**ASSIGNMENT:**
Would you transcribe the entries below, beginning at the line with "2276 - Pair" and ending after the line with "Gümüş Gold Yeşil", exactly, with no picture and nothing more?

**GIVEN RECORDS:**
:::::

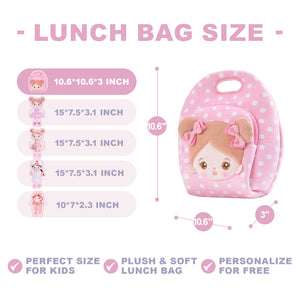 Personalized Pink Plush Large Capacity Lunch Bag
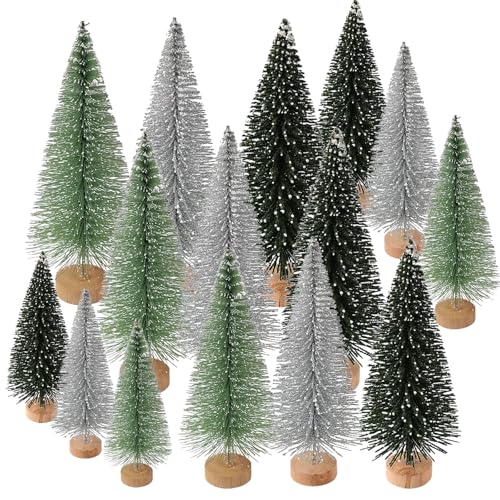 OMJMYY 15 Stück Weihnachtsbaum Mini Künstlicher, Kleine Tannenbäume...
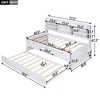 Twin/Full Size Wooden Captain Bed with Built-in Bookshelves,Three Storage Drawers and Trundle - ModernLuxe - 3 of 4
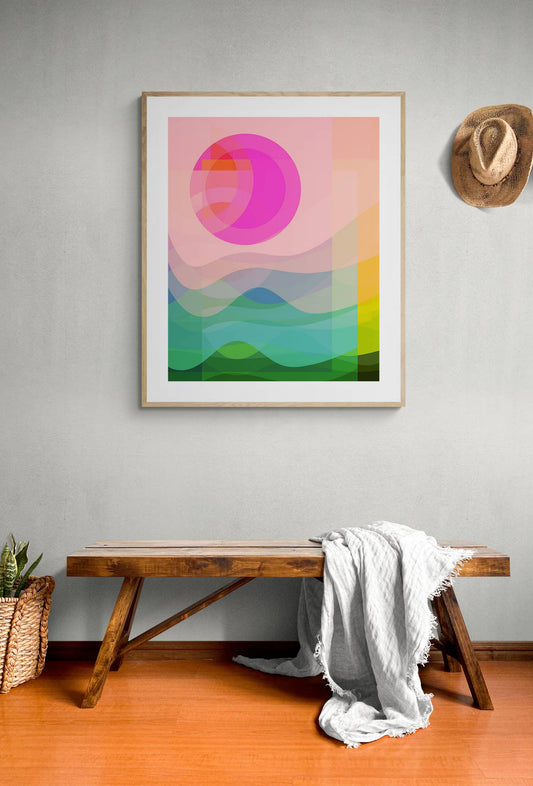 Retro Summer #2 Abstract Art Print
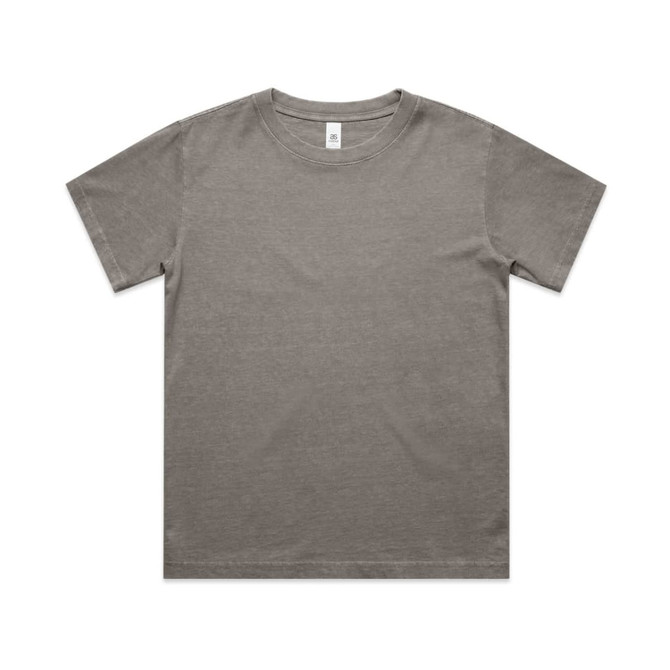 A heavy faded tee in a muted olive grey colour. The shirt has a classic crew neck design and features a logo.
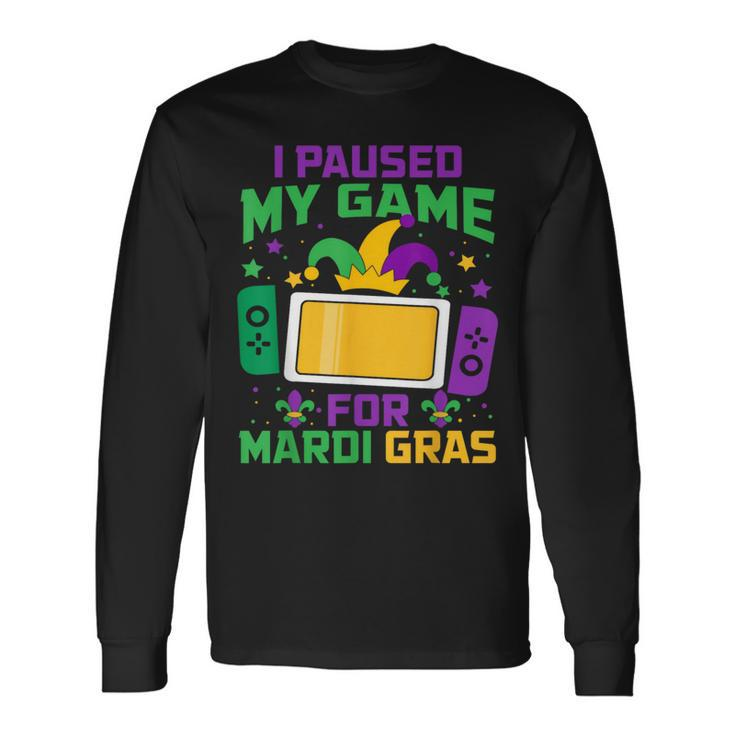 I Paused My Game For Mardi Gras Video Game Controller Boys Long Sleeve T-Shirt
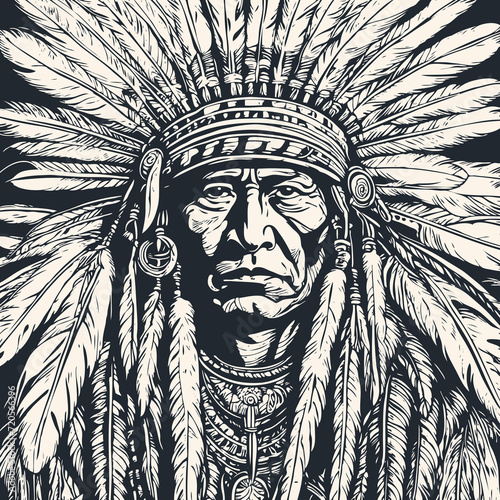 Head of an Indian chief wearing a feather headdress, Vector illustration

:::::

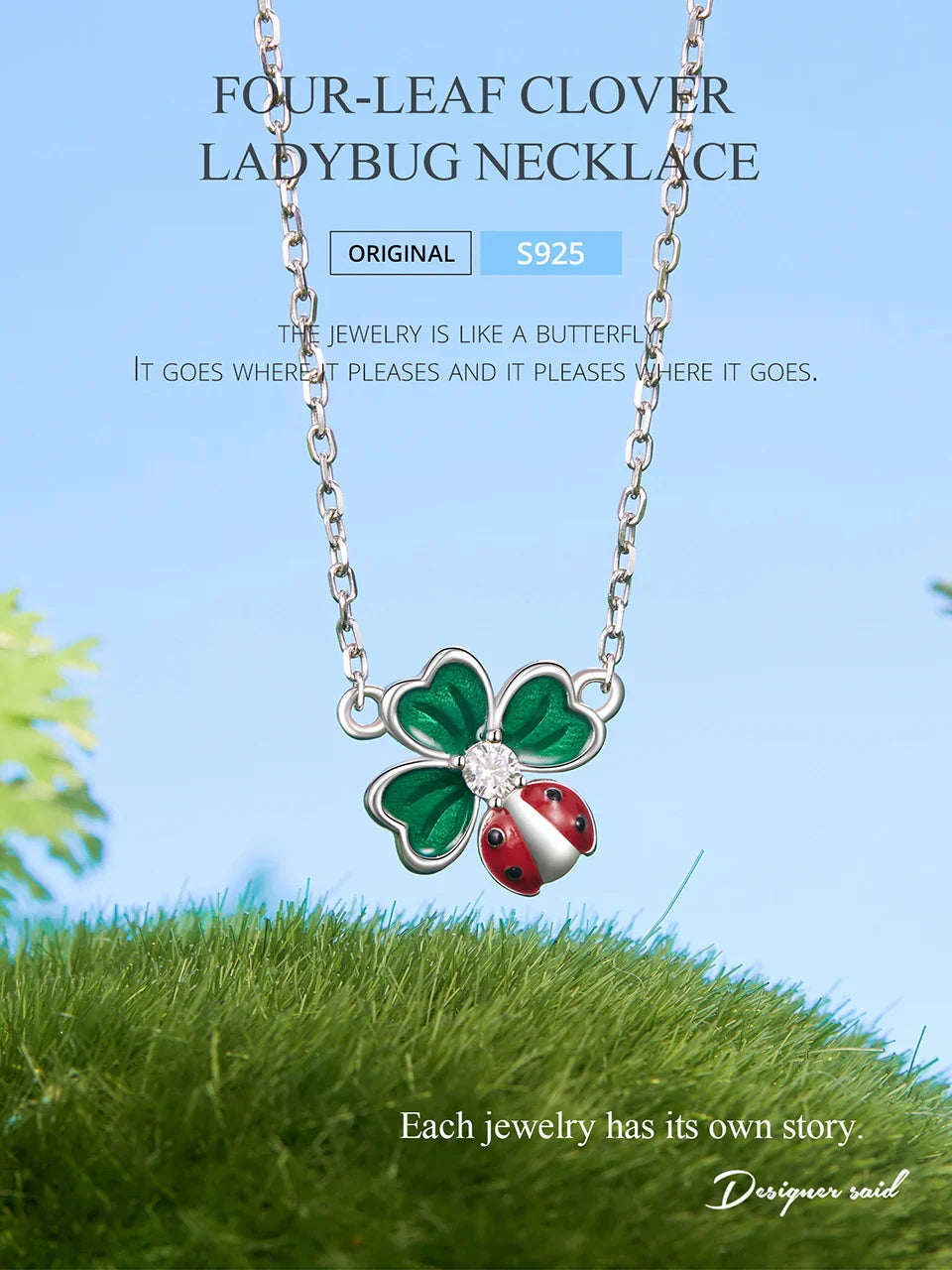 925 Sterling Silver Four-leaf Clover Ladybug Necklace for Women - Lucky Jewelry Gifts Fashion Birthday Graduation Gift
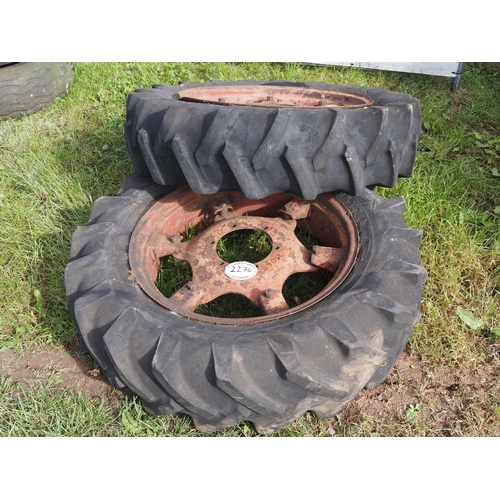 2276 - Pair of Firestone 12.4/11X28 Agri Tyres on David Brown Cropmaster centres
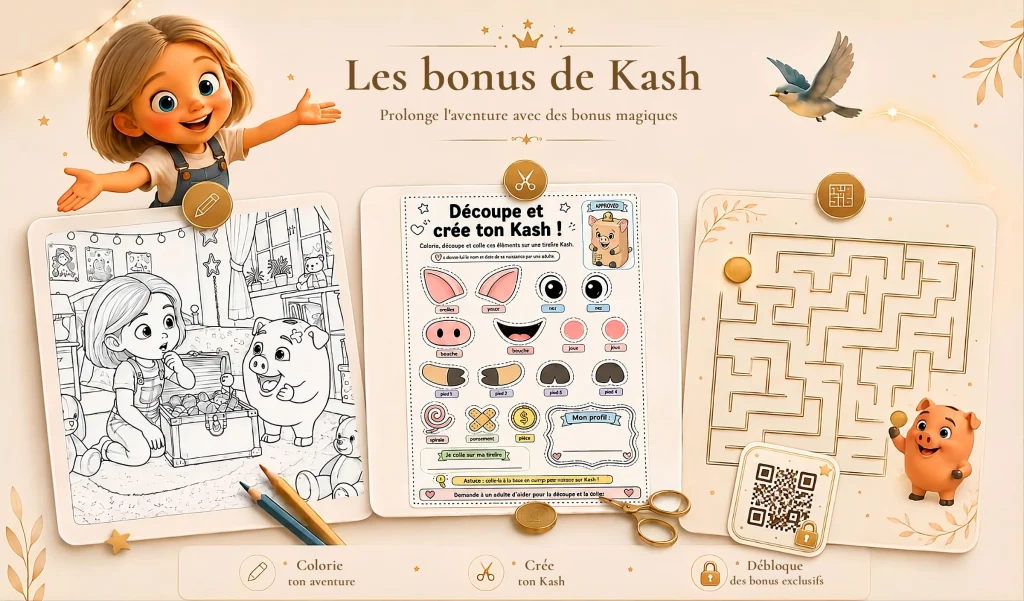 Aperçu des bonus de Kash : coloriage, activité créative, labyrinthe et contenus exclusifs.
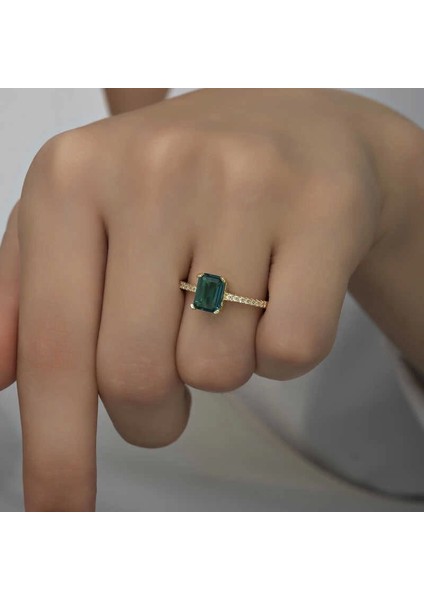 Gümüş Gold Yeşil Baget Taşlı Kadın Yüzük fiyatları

:::::

**SOLUTION TO THIS PROBLEM:**
 2276 - Pair of Firestone 12.4/11X28 Agri Tyres on David Brown Cropmaster centres
 Aperçu des bonus de Kash : coloriage, activité créative, labyrinthe et contenus exclusifs.
 Gümüş Gold Yeşil Baget Taşlı Kadın Yüzük fiyatları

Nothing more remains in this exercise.